Se dirá que es el punto de inflexión, se dirá que esta coyuntura lo cambia todo, se dirá que no hay punto de retorno tras este nuevo asesinato de un aficionado en un partido de futbol.
Se dirá, tal como se dice que se acabó para siempre la corrupción cuando se sorprende al vendido más solapado, y como se dice que se acabó la impunidad al sorprenderse al criminal más descarado, y como se dice que se acabó la injusticia al comprobarse al detenido más arbitrario.
Se dice y en el tiempo que se pierde haciéndolo, se sabe que el terreno futbolístico está cultivado para hacer brotar más sangre. De tal forma que seremos ilusos (por no decir, ineptos) al creer la versión de las autoridades que garantizan que tras este nuevo y enésimo desastre, todo se modificará, que ya aprendimos, que la lección –por ósmosis, por inspiración, por iluminación divina– al fin nos ha llegado.
¿Por qué ahora sí y antes no? Porque ese es el discurso, porque eso es lo más cómodo para todos, porque eso nos conviene a quienes en algún grado somos cómplices: equipos, jugadores, federativos, patrocinadores, periodistas, aficionados, padres de familia, sistemas de educación, políticos, intereses en general.
La realidad es que no hace falta ser cínicos ni pragmáticos para reconocerlo: sucederá pronto y otra vez. ¿En España? ¿En Argentina? ¿En México? Qué pena admitirlo, pero el lugar es lo de menos. Los humores sociales están tensos no sólo en nuestro país, tal como el futbol está muy manipulado acá y mucho más allá de nuestras fronteras.

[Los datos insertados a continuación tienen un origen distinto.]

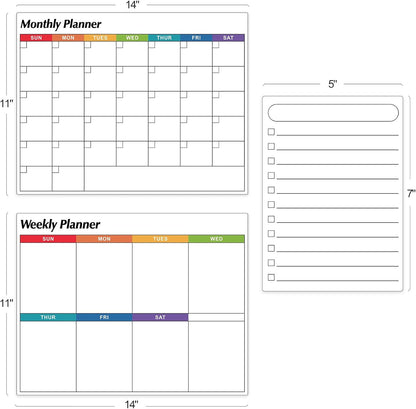 Dry Erase Magnetic Calendar for Refrigerator, 3 Pack- Monthly & Weekly & Daily Planner Magnet Whiteboard for Fridge Wall Door - Shopping, Meal/Menu, To Do List, Family Schedule Planning Board, 14"x11"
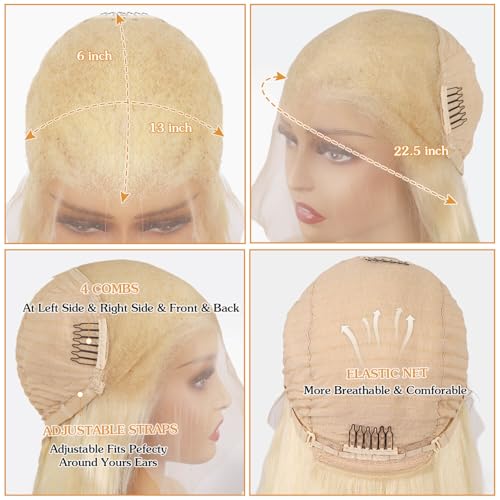 Trilumity 613 13X6 Straight Human Hair - 613 Blonde Hair Replacement Wig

A eso se añade la regresión a un estado pre-civilizado que implican las tribus futboleras, más nacionalismos, regionalismos, complejos en el consciente e inconsciente colectivo, paranoias personales, crisis económicas, barras politizadas (¿Izquierda o derecha? La misma mierda, no es nuevo que los polos sean idénticos). Y mucha irresponsabilidad: en las declaraciones, en las esquizofrenias como justificación permanente al fracaso propio, en las retóricas bélicas, en el solapar tanta agresión verbal, en el saber quiénes son más proclives a propiciar actos violentos y, no obstante, dejarlos ser, dejarlos entrar, dejarlos insultar, dejarlos crecer, incluso financiarlos y “capacitarlos”.
Golpear a una persona y luego arrojarla al río, como si en la Bosnia de los noventa o el Afganistán de la actualidad. ¿Barbarie? No. Estupidez en la peor de sus formas, sobre todo porque a nadie sorprende, ya que no ha sido ni remotamente inesperado: es lo que hay en esos grupos de supuesta animación futbolera, es lo que incubamos en la sociedad, es lo que fomentamos de una forma u otra –y por favor no perdamos el tiempo echando la culpa al futbol: si algo así pasa, es porque mucho está podrido más allá del deporte.
Es momento de tomar medidas genuinas en todo el mundo, en todas las ligas, en todos los equipos, en todos los estadios. Lo que pasó en Madrid ha acontecido en todos los sitios y no tiene que volver a suscitarse.
Se dirán muchas cosas, como que eso no es futbol, como que esos no son aficionados, como que la culpa es de tal o cual, como que es la gota que derrama para siempre el vaso. Y entre más se diga más se admitirá en el fondo de nuestras realistas (y no pesimistas) conciencias: volverá a suceder. Porque sí. Porque no hacemos nada en otro sentido. Porque las barras o los ultras cantan muy bonito, porque apoyan incondicionalmente, porque colocan mosaicos en la grada, como si esa nimiedad tuviera la más mínima relevancia.